Aim of the task: Go through the listing below and output exactly the line with "Vernale Herfst- Yosemite Etiket (Insitu)", the line with "Trico Force TF530L + Trico Force TF480L", and each line between; omit the rest.

Records for this task:

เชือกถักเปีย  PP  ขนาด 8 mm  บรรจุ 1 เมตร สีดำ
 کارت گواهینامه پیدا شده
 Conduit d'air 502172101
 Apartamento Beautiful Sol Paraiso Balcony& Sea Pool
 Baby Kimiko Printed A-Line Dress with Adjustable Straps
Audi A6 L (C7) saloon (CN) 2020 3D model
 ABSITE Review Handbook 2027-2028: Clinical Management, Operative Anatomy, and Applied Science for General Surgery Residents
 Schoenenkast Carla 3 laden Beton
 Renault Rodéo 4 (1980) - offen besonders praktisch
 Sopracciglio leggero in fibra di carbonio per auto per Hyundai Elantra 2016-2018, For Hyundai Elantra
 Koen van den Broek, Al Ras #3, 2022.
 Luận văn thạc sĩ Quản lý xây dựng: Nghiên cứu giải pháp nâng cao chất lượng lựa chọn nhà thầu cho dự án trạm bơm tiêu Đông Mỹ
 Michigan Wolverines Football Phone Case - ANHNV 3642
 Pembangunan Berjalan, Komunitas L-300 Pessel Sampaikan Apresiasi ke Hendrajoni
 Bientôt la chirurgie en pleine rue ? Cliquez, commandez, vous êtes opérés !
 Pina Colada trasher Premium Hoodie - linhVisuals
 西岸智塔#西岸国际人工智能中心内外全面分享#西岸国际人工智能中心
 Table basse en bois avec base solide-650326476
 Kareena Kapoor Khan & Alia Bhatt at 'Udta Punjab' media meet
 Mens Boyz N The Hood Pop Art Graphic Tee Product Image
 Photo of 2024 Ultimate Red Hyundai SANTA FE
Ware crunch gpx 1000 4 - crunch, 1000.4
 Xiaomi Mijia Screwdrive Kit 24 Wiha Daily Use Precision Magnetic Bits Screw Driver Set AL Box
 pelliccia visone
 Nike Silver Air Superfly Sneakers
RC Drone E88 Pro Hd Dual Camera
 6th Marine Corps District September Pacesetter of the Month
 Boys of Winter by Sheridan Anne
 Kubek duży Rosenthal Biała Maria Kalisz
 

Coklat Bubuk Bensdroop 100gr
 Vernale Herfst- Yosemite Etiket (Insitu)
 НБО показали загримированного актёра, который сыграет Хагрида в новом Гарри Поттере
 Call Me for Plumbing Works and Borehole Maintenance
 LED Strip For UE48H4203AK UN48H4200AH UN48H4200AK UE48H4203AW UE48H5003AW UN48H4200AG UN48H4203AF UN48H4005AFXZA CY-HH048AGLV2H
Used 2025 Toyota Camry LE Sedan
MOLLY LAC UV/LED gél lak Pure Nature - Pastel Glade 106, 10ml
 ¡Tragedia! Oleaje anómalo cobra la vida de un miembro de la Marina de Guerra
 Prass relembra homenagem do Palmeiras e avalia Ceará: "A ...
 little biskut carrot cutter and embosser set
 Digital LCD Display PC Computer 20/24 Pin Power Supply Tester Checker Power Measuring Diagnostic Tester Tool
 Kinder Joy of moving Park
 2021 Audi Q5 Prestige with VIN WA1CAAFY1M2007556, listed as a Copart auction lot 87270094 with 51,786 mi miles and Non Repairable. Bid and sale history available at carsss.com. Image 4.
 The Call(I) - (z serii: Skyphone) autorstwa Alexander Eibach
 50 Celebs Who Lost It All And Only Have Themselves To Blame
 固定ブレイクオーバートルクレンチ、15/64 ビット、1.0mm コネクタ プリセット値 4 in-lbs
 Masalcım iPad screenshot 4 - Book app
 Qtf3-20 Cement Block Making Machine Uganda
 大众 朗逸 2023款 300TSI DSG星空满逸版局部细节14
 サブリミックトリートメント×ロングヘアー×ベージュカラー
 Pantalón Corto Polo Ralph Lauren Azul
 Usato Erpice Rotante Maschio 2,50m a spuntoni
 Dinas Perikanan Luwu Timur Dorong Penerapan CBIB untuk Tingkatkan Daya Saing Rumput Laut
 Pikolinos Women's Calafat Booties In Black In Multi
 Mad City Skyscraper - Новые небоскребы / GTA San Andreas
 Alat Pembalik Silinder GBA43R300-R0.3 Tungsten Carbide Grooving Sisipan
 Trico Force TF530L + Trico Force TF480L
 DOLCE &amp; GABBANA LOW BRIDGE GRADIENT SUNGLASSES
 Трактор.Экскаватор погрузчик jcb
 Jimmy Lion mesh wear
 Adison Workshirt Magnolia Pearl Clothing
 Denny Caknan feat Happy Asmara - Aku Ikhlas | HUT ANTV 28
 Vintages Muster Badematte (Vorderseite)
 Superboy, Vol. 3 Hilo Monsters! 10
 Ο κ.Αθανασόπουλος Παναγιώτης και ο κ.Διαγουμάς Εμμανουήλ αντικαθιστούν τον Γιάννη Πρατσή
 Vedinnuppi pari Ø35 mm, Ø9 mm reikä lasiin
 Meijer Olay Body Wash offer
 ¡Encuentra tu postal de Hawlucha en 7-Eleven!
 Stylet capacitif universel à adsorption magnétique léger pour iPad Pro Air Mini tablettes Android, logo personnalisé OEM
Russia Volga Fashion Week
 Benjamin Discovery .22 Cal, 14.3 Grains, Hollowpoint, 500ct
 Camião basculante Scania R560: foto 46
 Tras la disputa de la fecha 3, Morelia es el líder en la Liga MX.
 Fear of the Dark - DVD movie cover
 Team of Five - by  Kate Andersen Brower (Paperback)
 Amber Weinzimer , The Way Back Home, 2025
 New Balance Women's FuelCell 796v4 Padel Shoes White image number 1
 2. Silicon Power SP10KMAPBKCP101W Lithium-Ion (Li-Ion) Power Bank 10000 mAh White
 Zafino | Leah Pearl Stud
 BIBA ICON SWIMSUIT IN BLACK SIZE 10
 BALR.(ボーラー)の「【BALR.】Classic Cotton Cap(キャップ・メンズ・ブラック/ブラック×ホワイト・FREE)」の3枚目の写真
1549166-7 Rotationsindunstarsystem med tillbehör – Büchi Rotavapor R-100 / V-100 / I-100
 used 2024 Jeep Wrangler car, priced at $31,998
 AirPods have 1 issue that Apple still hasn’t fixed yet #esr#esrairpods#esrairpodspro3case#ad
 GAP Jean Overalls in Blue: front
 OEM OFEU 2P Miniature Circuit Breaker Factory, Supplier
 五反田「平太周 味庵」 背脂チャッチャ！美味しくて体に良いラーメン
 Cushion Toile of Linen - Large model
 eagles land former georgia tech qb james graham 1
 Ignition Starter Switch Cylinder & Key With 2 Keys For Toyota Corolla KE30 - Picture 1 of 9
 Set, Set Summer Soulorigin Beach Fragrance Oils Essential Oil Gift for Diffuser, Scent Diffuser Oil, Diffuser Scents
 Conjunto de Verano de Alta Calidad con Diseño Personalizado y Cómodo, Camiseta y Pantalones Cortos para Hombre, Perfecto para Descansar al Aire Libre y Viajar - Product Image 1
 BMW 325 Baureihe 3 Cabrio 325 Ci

Result of the task:
 Vernale Herfst- Yosemite Etiket (Insitu)
 НБО показали загримированного актёра, который сыграет Хагрида в новом Гарри Поттере
 Call Me for Plumbing Works and Borehole Maintenance
 LED Strip For UE48H4203AK UN48H4200AH UN48H4200AK UE48H4203AW UE48H5003AW UN48H4200AG UN48H4203AF UN48H4005AFXZA CY-HH048AGLV2H
Used 2025 Toyota Camry LE Sedan
MOLLY LAC UV/LED gél lak Pure Nature - Pastel Glade 106, 10ml
 ¡Tragedia! Oleaje anómalo cobra la vida de un miembro de la Marina de Guerra
 Prass relembra homenagem do Palmeiras e avalia Ceará: "A ...
 little biskut carrot cutter and embosser set
 Digital LCD Display PC Computer 20/24 Pin Power Supply Tester Checker Power Measuring Diagnostic Tester Tool
 Kinder Joy of moving Park
 2021 Audi Q5 Prestige with VIN WA1CAAFY1M2007556, listed as a Copart auction lot 87270094 with 51,786 mi miles and Non Repairable. Bid and sale history available at carsss.com. Image 4.
 The Call(I) - (z serii: Skyphone) autorstwa Alexander Eibach
 50 Celebs Who Lost It All And Only Have Themselves To Blame
 固定ブレイクオーバートルクレンチ、15/64 ビット、1.0mm コネクタ プリセット値 4 in-lbs
 Masalcım iPad screenshot 4 - Book app
 Qtf3-20 Cement Block Making Machine Uganda
 大众 朗逸 2023款 300TSI DSG星空满逸版局部细节14
 サブリミックトリートメント×ロングヘアー×ベージュカラー
 Pantalón Corto Polo Ralph Lauren Azul
 Usato Erpice Rotante Maschio 2,50m a spuntoni
 Dinas Perikanan Luwu Timur Dorong Penerapan CBIB untuk Tingkatkan Daya Saing Rumput Laut
 Pikolinos Women's Calafat Booties In Black In Multi
 Mad City Skyscraper - Новые небоскребы / GTA San Andreas
 Alat Pembalik Silinder GBA43R300-R0.3 Tungsten Carbide Grooving Sisipan
 Trico Force TF530L + Trico Force TF480L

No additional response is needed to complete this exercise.